§ **Exercise**:
Pictures in the data should be dropped; transcribe exactly the lines from the one that has "Usitek Laser Hair" through the one that has "Chemise à manches".

§ **Records shown**:

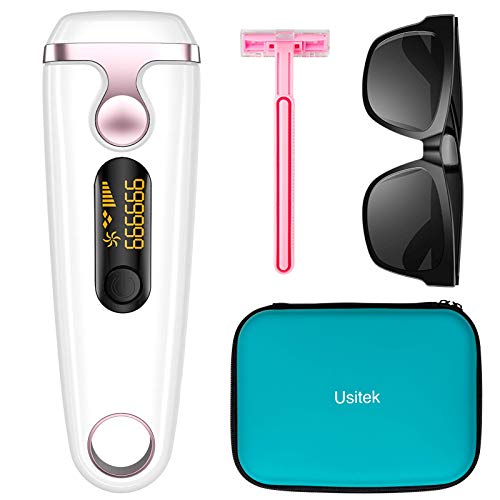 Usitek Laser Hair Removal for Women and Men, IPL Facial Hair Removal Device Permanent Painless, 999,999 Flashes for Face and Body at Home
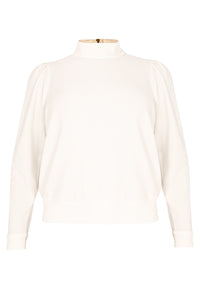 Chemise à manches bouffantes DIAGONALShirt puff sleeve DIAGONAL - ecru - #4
---
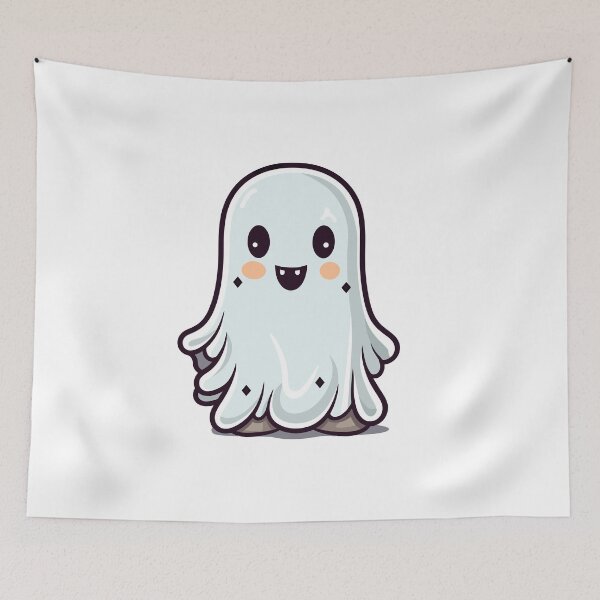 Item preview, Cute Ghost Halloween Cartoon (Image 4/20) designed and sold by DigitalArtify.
--
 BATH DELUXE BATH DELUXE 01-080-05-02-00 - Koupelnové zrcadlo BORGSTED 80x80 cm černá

§ **Response**:
 Usitek Laser Hair Removal for Women and Men, IPL Facial Hair Removal Device Permanent Painless, 999,999 Flashes for Face and Body at Home
 Chemise à manches bouffantes DIAGONALShirt puff sleeve DIAGONAL - ecru - #4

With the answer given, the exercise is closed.